→ **Work task**:
Return every line below as is, leaving out the pictures.

→ **Information shown**:
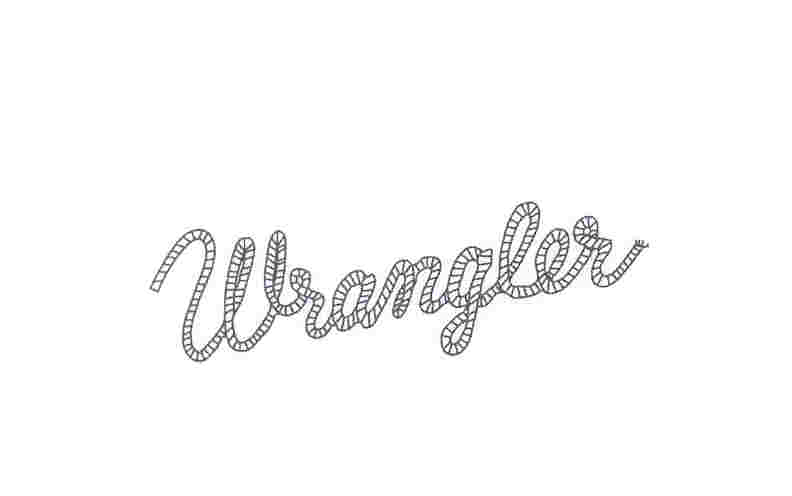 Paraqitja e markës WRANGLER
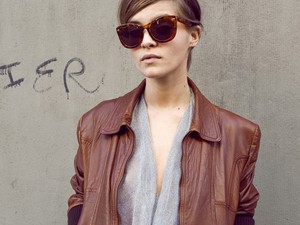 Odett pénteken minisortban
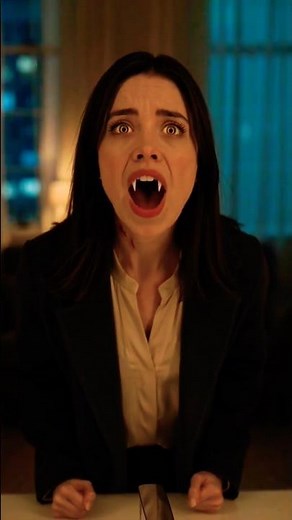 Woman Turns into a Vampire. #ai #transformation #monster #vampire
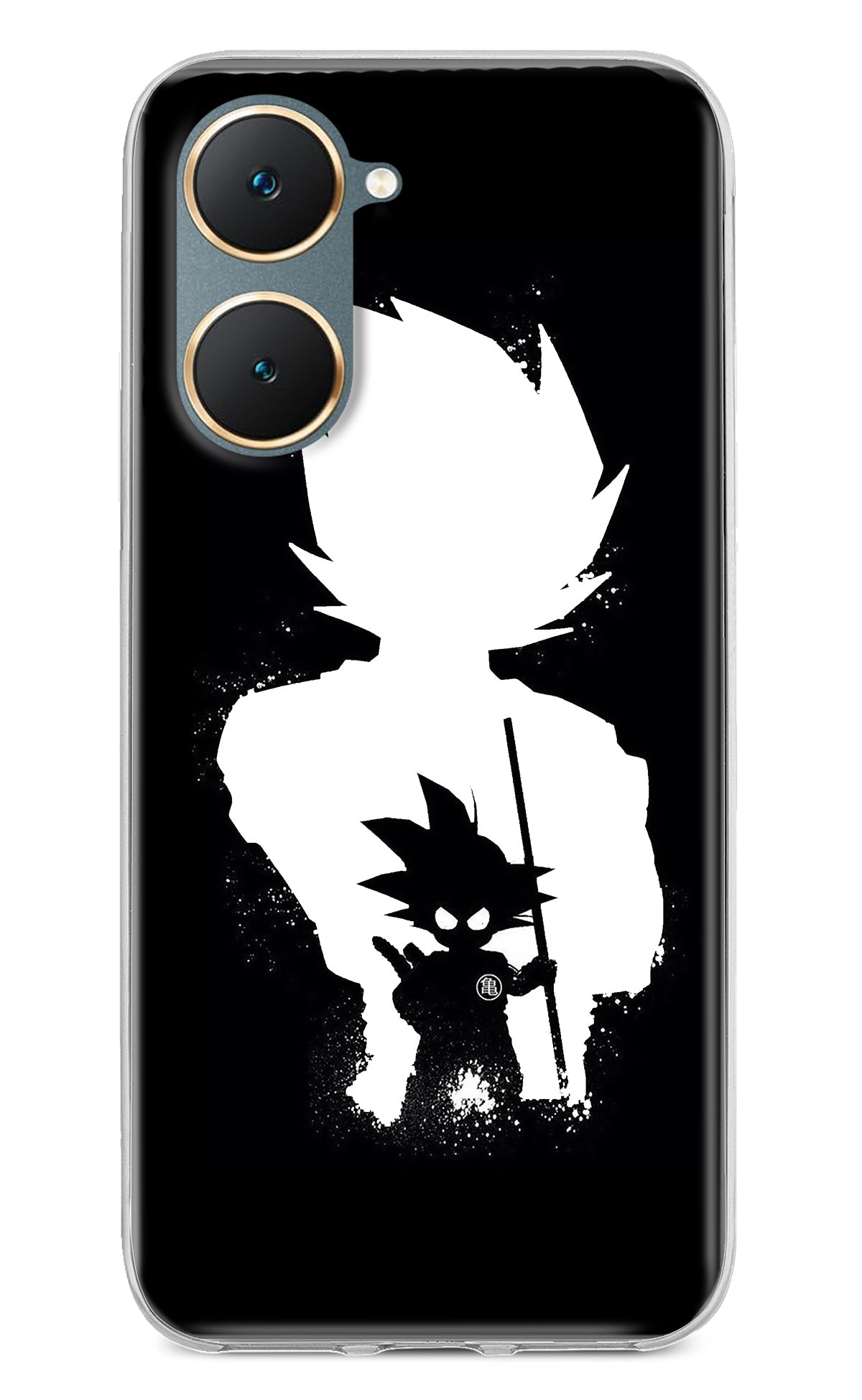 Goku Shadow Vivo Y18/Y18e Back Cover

→ **Your response**:
 Paraqitja e markës WRANGLER
 Odett pénteken minisortban
 Woman Turns into a Vampire. #ai #transformation #monster #vampire
 Goku Shadow Vivo Y18/Y18e Back Cover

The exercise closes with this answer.